I know I didn't post the statements from the cardiology assessment team here but had indicated that they mentioned the potential risks. One such comment among 38 that said the same thing:
C18H26ClN3O both with the inclusion and exclusion of macrolide will induce in portions of the population abnormal arrhythmia. The absence of CT (Clinical Trials) will likely provide dangerous anecdotal outcomes if a placebo and control group is not used. Turns out cardiologists know more about human hearts than people who have never even seen a human heart but instead read excerpts from the internet.
The initial study referenced by the White House was the result of 108 vaccinated adults. Again that's 108.
The latest study consists of 671 hospitals in six continents.
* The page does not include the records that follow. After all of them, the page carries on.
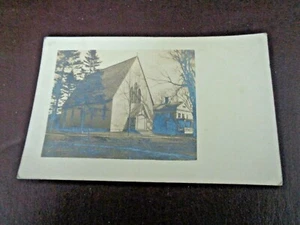 Antique Black & White Postcard Photograph Of Church - Picture 1 of 3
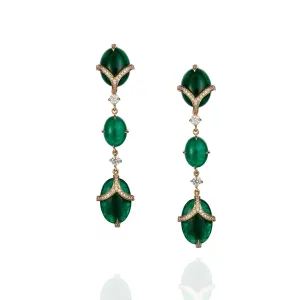 18K Yellow Gold Earrings with Emerald & White Diamond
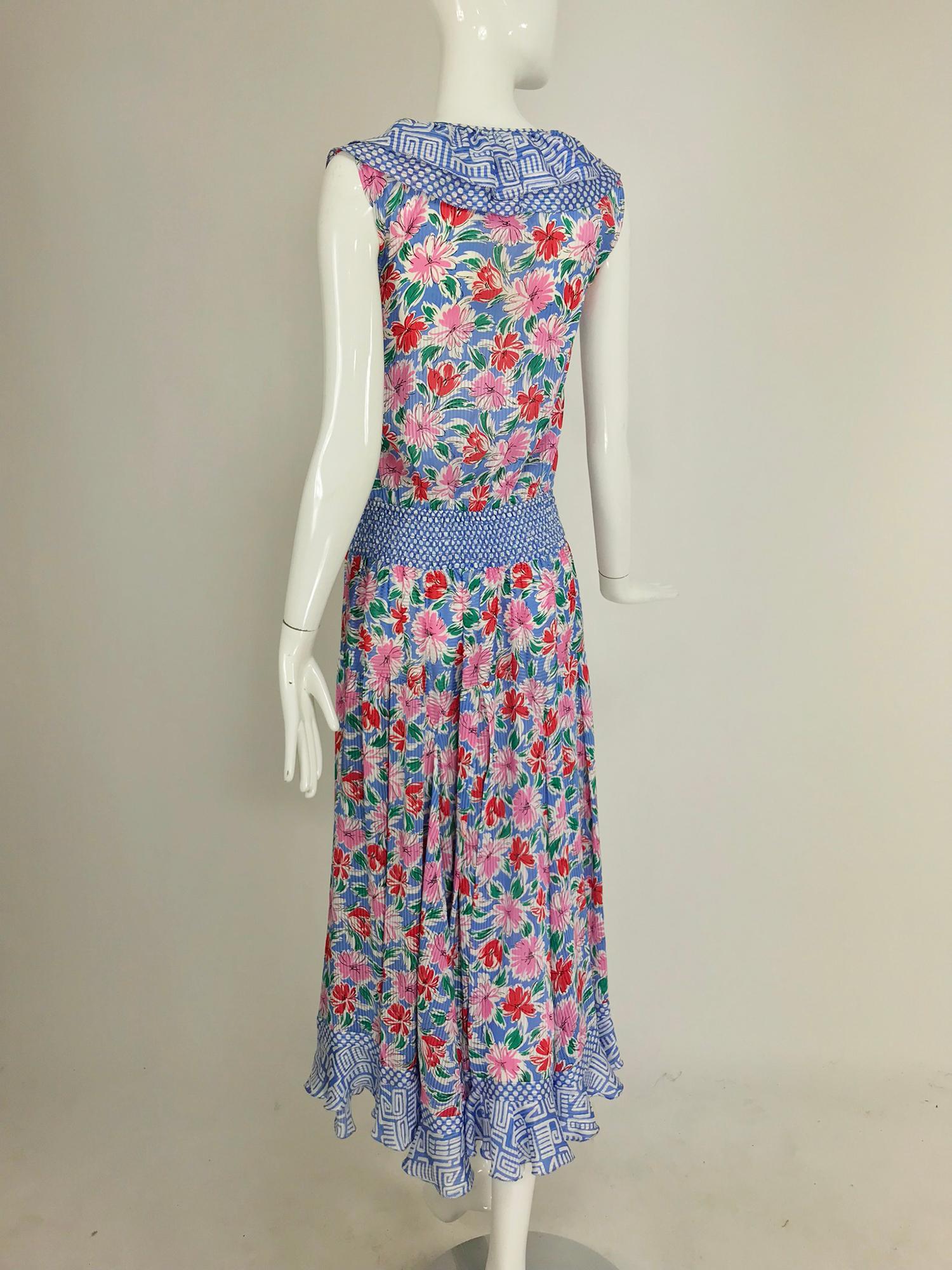 Diane Fres smocked waist mixed print floral midi dress 1980s 4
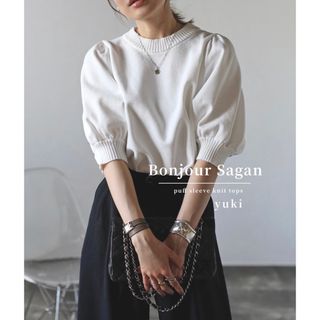 【新品/タグ付き】Bonjour Sagan パフスリーブニットトップス ow(ニット/セーター)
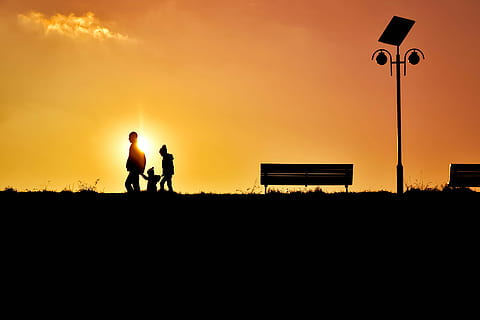 backlit, bench, children, dark, dawn, daylight, dusk, evening, family, fog, girl, happy, lamp post, landscape, men, outdoors, people, relationship, silhouette, sun, sunrise, sunset, travel, young, sky, orange color, two people, nature, leisure activity, real people, land, lifestyles, beauty in nature, street, scenics - nature, field, standing, sport, togetherness, 5K, CC0, public domain, royalty free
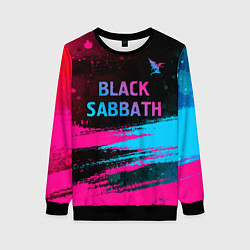 Женский свитшот Black Sabbath - neon gradient: символ сверху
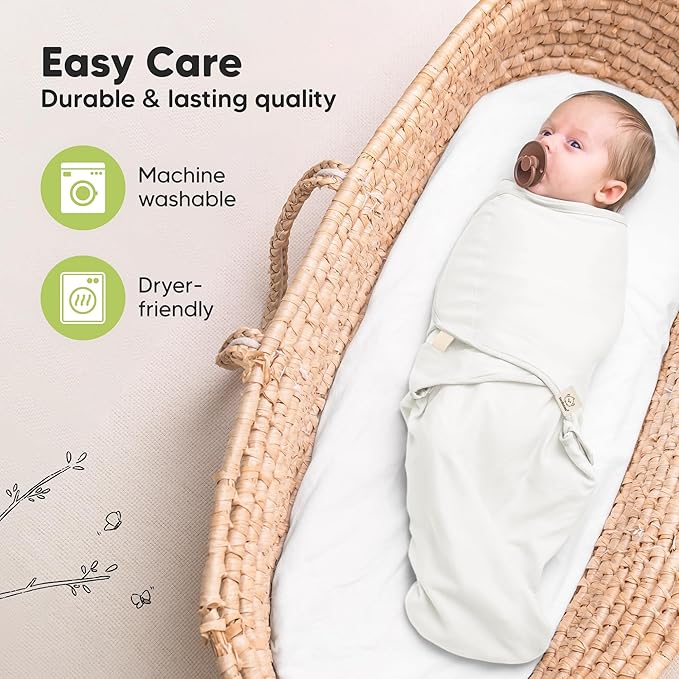 KeaBabies 3-Pack Organic Baby Swaddle Sleep Sacks - Swaddles for Newborns, Infant 0-3 Months, Baby Girls, Boys, Soft & Snug Newborn Sleep Sack, Nursery Swaddling Blankets (Soft White)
Date span: Dec 20, 2019, and April 14, 2020.
96,032 patients.
Mean age 53.8 years, 46.3% female
All confirmed laboratory SARS-COV-2 with chloroquine treatment within 48 hours.
Patients who received remdesivir were excluded.
1868 received chloroquine: 3783 received chloroquine with a macrolide
3016 received hydroxychloroquine: 6221 received hydroxychloroquine with a macrolide.
81 144 patients were in the control group.
10 698 patients died in hospital = 11.1%
Control group mortality = 9.3%
De-novo ventricular arrhythmia during hospitalization increased slightly with the use of both Chloroquine/Hydroxychloroquine with or without macrolides.
Specific issues were found, and a Cox model was utilized:
“
A Cox proportional hazards model was fit for time to death, controlling for treatment group and potential confounders (age ≥65 years, sex, hospital, diabetes, chronic lung disease, cardiovascular disease [CVD, including hypertension, coronary artery disease, congestive heart failure], respiratory rate >22/min, O2 saturation <90%, abnormal chest imaging findings, aspartate aminotransferase [AST]>40 U/L, and elevated creatinine levels) based on a priori plausibility, documented associations with death or hydroxychloroquine administration from previous studies, bivariate associations within our data, ruling out collinearity using condition indices, and missingness of less than 10%"
https://www.clinicalkey.com/#!/content/playContent/1-s2.0-S1473309920302966?r...https://jamanetwork.com/journals/jama/fullarticle/2766117 Now this information, open for peer review, is for 96 thousand patients and includes a control group. Hydroxychloroquine has, at this time, an increased rate of causing heart-problems leading to death.
This doesn’t mean Hydroxychloroquine isn’t somewhat effective in certain capacities, in specific demographics, but it does outline why a “study” of 108 patients is not enough to go around saying any drug is going to help.